# Have Canadian Citizenship but live in UK - looking for adventure!



## SecondGenCanuck (Jun 10, 2009)

Hi all,

I'm half-Canadian and have held Canadian citizenship since birth but I have never lived there - I know I won't need a visa or similar to move there long-term (other than applying for SIN). Would this be problematic with regards to employment? I have just completed my undergraduate studies and embarking on the dire job market here in the UK (needless to say, I am not holding out much hope!). 

I hope to travel around Canada first, but would appreciate it if anyone could advise me on how to get some temping work when my CAN$ run dry! Would it perhaps be better to bide my time and try to get some more experience under my belt here (I'm applying for basic admin/clerical jobs, also targeting the museum/heritage/third sector) to add to my resume to better my chances?
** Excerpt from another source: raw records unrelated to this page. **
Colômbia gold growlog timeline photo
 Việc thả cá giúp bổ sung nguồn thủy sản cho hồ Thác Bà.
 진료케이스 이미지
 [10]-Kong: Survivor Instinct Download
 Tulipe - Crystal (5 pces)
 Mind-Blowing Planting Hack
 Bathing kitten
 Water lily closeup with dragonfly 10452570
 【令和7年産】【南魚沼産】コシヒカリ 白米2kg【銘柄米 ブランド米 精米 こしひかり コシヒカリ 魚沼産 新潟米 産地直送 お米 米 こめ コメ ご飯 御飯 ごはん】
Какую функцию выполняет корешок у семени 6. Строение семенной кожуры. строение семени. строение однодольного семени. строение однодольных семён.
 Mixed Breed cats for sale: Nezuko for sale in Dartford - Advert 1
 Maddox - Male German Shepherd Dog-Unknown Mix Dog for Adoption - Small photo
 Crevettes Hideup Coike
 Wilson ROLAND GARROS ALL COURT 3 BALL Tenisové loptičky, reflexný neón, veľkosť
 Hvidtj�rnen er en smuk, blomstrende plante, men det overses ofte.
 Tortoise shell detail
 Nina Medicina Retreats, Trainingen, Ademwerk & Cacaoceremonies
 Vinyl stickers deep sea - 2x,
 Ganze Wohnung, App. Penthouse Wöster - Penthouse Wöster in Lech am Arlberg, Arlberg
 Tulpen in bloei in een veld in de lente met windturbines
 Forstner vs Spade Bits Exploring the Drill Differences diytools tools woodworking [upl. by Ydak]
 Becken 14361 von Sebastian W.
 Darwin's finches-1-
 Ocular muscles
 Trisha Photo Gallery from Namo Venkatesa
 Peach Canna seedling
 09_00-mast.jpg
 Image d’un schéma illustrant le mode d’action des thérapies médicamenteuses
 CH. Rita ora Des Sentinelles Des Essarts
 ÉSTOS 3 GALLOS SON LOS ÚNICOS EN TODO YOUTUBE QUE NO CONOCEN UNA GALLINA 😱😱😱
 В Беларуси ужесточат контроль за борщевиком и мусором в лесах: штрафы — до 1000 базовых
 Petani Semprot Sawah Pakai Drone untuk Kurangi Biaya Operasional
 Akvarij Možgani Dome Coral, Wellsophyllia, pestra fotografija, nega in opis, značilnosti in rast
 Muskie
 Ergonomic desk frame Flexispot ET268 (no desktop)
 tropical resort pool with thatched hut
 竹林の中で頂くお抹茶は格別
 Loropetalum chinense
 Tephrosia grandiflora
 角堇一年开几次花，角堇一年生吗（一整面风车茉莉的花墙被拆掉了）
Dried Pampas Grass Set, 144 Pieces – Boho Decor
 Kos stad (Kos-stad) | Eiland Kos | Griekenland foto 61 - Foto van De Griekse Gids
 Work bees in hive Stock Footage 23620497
On a side note, I have family in and around Toronto (mainly St Catharines) so will probably wash up there first; however, last time I visited I loved Vancouver and would love to spend more time there. Any opinions? 
I'm going on vacation to PEI and then Toronto this August for a couple of weeks with my younger brother and Mom (the real Canuck!) - any advice on doing a little research while I'm there re: employment/residency etc? Cannot wait to get down to Tim Horton's though - priorities!

Any advice/opinions would be greatly appreciated, sorry if this was all a little muddled! 

Thanks,

Eliza


----------